Exploration Sections

Challenge Summary & Information

Challenge

The goal of this challenge is to use a dataset based on millions of real anonymized accommodation reservations to come up with a strategy for making the best recommendation for their next destination in real-time.


Dataset

  • The training dataset consists of over a million of anonymized hotel reservations, based on real data, with the following features:
  • user_id - User ID
  • checkin - Reservation check-in date
  • checkout - Reservation check-out date- created_date - Date when the reservation was made
  • affiliate_id - An anonymized ID of affiliate channels where the booker came from (e.g. direct, some third party referrals, paid search engine, etc.)
  • device_class - desktop/mobile
  • booker_country - Country from which the reservation was made (anonymized)
  • hotel_country - Country of the hotel (anonymized)
  • city_id - city_id of the hotel’s city (anonymized)
  • utrip_id - Unique identification of user’s trip (a group of multi-destinations bookings within the same trip).
  • Note -Each reservation is a part of a customer’s trip (identified by utrip_id) which includes at least 4 consecutive reservations. The check-out date of a reservation is the check-in date of the following reservation in their trip. The evaluation dataset is constructed similarly, however the city_id of the final reservation of each trip is concealed and requires a prediction.


Evaluation & Goal

The goal of the challenge is to predict (and recommend) the final city (city_id) of each trip (utrip_id). We will evaluate the quality of the predictions based on the top four recommended cities for each trip by using metric (4 representing the four suggestion slots at Booking.com website). When the true city is one of the top 4 suggestions (regardless of the order), it is considered correct.

Structure of Project & Exploration

Quotes on Data & Analytics

“Data are just summaries of thousands of stories – tell a few of those stories to help make the data meaningful.” — Chip & Dan Heath

“A data scientist is someone who can obtain, scrub, explore, model, and interpret data, blending hacking, statistics, and machine learning. Data scientists not only are adept at working with data, but appreciate data itself as a first-class product.” – Hillary Mason, founder, Fast Forward Labs.
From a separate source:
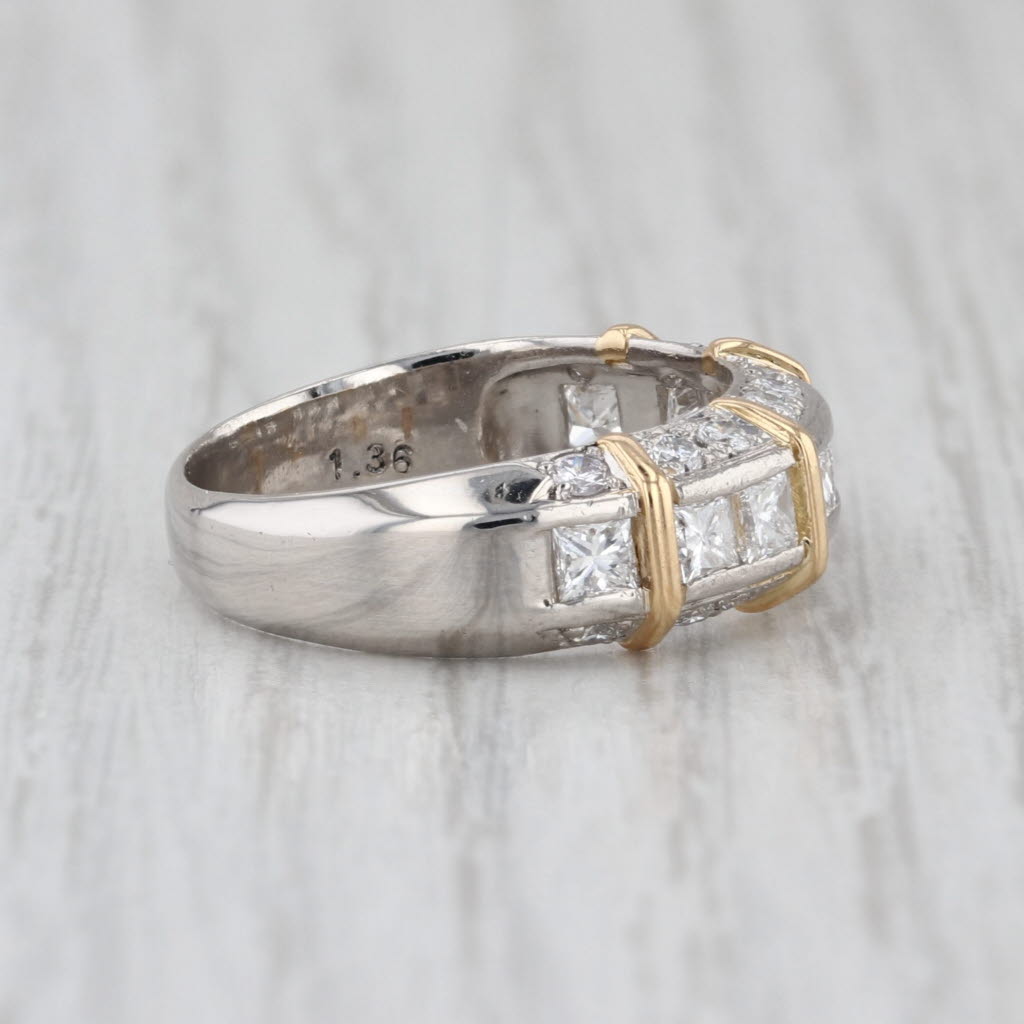 1.36ctw Diamond Wedding Anniversary Band Platinum 18k Gold Size 7 Ring Stackable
“Information is the oil of the 21st century, and analytics is the combustion engine.” – Peter Sondergaard, senior vice president, Gartner Research.


What are my aims with this exploration?

  • Distributions
  • Basic Descriptive Metrics
  • Correlations/ Relationships
  • Identifying Outliers or Odd Data
  • Seasonality/Time Series
  • Creation of New Columns for Feature Engineering
  • Outlier Detection
  • Volume


Structure of the Exploration

  • Questions: Questions will be asked previous to the visualization to make sure the visualizations shown in this project are insightful.

  • Summary: After each section I will provide a summary to understand what we got from the visualizations

  • Observations/Comments: Any observations I made with a given metric or visual or comments I have about a given summary of data


Objective of the Exploration

  • Observations - What can we learn from this deep dive that we didn’t know before from our inital observations of the dataset.

  • Understanding Current Dataset - The intention of this exploration is to also understand the booking.com dataset and how a customer travels using booking.com.

  • Modeling - Creating a model to predict (and recommend) the final city (city_id) of each trip (utrip_id)


Other Thoughts

  • Analytics teams often make the trade-off between speed and accuracy. The trade-off often results in solutions that are challenging to interpret and deploy for the wider organization. A natural drawback of scrappy or agile analytics approaches for systematic solutions are wide gaps or ‘blind spots’ in analysis and unstable/brittle tools, often leading to sub-optimal outcomes. This write up serves to document and compare past business cases, analytics methodologies and learnings in order for the reader to gain a good understanding of historical efforts to date.

Data Exploration

Viewing the Data Types of Each Column

  • Observations - The data is made of 9 variables (summarized in the first tab) and 1,048,575 rows of data.
## 'data.frame':    1048575 obs. of  9 variables:
##  $ user_id       : int  1006220 1006220 1006220 1006220 1010293 1010293 1010293 1010293 1010293 1010293 ...
##  $ checkin       : Factor w/ 425 levels "1/1/2016","1/1/2017",..: 272 245 246 250 364 335 337 338 340 341 ...
##  $ checkout      : Factor w/ 425 levels "1/1/2016","1/1/2017",..: 245 246 250 251 335 336 338 340 341 342 ...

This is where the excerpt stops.